Por último, em quinto lugar, o decreto apresenta a possibilidade de ser nomeado amicus curiae, de ofício pela autoridade ou por requerimento das partes. Esse instrumento vem sendo utilizado com frequência desde sua inclusão no código de processo civil, sendo um ganho para a justiça sua possibilidade no processo administrativo.
Conclusão
A Lei nº 9784/1999 foi editada como uma tentativa de uniformizar o processo administrativo no país. Ainda que não seja obrigatória sua aplicação pelos estados e municípios, percebe-se que haver iniciativa na busca por unidade processual em matéria administrativa. Em 2018, a introdução de dez artigos à Lindb incorporou “regras de interpretação para guiar a aplicação do direito público”, como escreve Irene Nohara em uma das primeiras obras sobre o tema [3].
Nesse cenário, é que as inovações no decreto constituem mais uma engrenagem com novas regras que vossa, modernizar o sistema processual administrativo e sua aplicação de sanções.
Por outro lado, alguns temas poderiam ter sido abordados com maior incentivo, como a celebração de termo de ajustamento de conduta, ou ainda o estabelecimento de contagem de prazos do administrado em dias úteis como no processo civil brasileiro [4].
[1] Nesse sentido, Kleber Bispo dos Santos leciona que: “é uma questão muito complicada e delicada a possibilidade de aplicação simultânea de sanções por instâncias autônomas que não se comunicam e não levam em consideração a existência de outras esferas de responsabilização. Essa preocupação é muito pertinente e calha à fiveleta quanto ao tema da extensão e limites do acordo de leniência no que tange a outros sistemas de responsabilização. A nosso ver, em se tratando da sanção das pessoas jurídicas, as instâncias devem se comunicar, e indo mais além, em se tratando de acordo de leniência com a pessoa jurídica delatora, o mesmo deve, se possível, englobar todas as possibilidades de responsabilizações ou sanções à pessoa jurídica beneficiária, decorrentes do mesmo fato, podendo, inclusive, a depender das circunstâncias do caso concreto, surtir efeitos às eventuais responsabilizações das pessoas físicas representantes das pessoas jurídicas” (Acordo de leniência da lei de improbidade administrativa e na lei anticorrupção. Rio de Janeiro: Lumen Juris, 2018. p. 147).

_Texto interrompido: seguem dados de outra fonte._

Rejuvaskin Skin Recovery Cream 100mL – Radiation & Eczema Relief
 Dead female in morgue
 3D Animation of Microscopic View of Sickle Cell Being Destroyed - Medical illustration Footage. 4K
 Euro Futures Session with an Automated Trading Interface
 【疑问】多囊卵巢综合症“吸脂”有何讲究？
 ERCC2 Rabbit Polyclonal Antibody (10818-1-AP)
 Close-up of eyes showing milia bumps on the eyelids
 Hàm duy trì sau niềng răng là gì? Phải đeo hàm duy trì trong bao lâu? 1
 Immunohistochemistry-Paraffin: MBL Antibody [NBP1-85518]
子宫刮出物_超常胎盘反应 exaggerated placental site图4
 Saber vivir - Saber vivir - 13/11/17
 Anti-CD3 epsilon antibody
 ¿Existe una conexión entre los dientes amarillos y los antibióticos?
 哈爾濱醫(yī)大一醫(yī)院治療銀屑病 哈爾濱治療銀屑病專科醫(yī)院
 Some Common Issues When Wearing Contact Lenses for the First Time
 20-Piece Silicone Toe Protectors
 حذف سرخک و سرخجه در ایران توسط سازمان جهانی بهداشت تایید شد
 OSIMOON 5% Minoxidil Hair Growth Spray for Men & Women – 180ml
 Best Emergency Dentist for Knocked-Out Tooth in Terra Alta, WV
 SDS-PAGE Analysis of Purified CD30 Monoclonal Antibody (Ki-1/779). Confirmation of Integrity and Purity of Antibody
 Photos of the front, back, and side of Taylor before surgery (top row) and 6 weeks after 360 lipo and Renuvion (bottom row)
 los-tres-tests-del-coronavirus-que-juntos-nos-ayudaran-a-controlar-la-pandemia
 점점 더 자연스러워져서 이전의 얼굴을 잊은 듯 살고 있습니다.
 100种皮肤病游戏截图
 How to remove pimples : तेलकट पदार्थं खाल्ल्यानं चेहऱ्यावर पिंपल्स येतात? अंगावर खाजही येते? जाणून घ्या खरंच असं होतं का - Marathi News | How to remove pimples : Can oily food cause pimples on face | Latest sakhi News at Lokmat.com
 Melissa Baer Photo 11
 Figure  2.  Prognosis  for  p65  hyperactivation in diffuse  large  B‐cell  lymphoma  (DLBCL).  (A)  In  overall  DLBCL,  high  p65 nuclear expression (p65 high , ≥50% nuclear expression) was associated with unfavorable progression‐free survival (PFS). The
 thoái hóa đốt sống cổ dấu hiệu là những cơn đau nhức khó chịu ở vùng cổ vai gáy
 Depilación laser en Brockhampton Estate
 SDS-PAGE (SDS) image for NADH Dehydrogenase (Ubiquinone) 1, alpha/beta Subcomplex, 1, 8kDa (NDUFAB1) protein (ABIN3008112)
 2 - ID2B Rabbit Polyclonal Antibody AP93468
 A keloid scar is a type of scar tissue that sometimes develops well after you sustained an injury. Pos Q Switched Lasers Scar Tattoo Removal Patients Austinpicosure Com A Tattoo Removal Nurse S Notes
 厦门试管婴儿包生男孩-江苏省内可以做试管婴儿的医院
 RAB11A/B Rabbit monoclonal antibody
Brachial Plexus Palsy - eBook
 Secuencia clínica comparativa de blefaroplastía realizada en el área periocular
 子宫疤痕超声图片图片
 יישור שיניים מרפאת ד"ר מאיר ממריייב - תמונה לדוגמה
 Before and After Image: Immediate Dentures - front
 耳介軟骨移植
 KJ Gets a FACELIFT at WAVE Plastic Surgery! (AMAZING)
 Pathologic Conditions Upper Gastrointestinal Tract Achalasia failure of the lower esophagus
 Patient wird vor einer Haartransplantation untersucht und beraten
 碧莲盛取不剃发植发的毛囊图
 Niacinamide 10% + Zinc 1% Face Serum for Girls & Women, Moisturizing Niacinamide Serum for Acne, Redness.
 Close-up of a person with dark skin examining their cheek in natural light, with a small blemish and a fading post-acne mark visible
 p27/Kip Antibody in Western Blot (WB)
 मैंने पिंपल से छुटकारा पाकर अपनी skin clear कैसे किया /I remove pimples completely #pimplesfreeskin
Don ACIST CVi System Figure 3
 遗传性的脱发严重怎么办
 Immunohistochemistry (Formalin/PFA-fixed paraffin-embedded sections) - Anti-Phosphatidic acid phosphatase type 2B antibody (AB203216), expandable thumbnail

[2] Nesse sentido, Ricardo Marcondes Martins leciona que: “os artigos 22, I, e 24, XI, da CF de 1988 não tratam da competência para legislar sobre processo administrativo. A Constituição de 1988 disciplinou a competência para legislar das entidades federativas, principalmente, em quatro dispositivos: nos artigos 22, 24,25 e 30. Previu-se até o direito espacial, mas em nenhum deles o direito administrativo. Não foi esquecimento do constituinte: legislar sobre direito administrativo é decorrência lógica da autonomia política da entidade federativa expressamente prevista no artigo 18. Sempre que o constituinte quis excepcionar essa regra o fez expressamente -como, por exemplo, nos incisos II e XXVII do artigo 22. Não havendo referência expressa nos incisos I do artigo 22 e XI do artigo 24 ao direito administrativo, a regra geral permanece incólume: esses dispositivos só se aplicam à função jurisdicional. Legislar sobre processo e procedimento administrativos de cada entidade federativa compete à respectiva entidade”. (Estudos de Direito Administrativo Neoconstitucional. São Paulo: Malheiros. 2015. p. 321/322).
[3] NOHARA, Irene Patrícia. LINDB: Lei de Introdução às Normas do Direito Brasileiro, hermenêutica e novos parâmetros ao direito público. Curitiba: Juruá, 2018. Pg. 1
[4] Nesse sentido, o artigo 66, §2º da Lei nº 9.784/99, determina que os prazos expressos em dias se contam de modo contínuo, enquanto o artigo 23 do mesmo diploma determina que os atos do processo devem realizar-se em dias úteis e no horário normal de funcionamento da repartição na qual tramitar o processo. Ou seja: os atos da administração pública serão realizados em dias úteis, enquanto os atos do administrado serão realizados em dias corridos.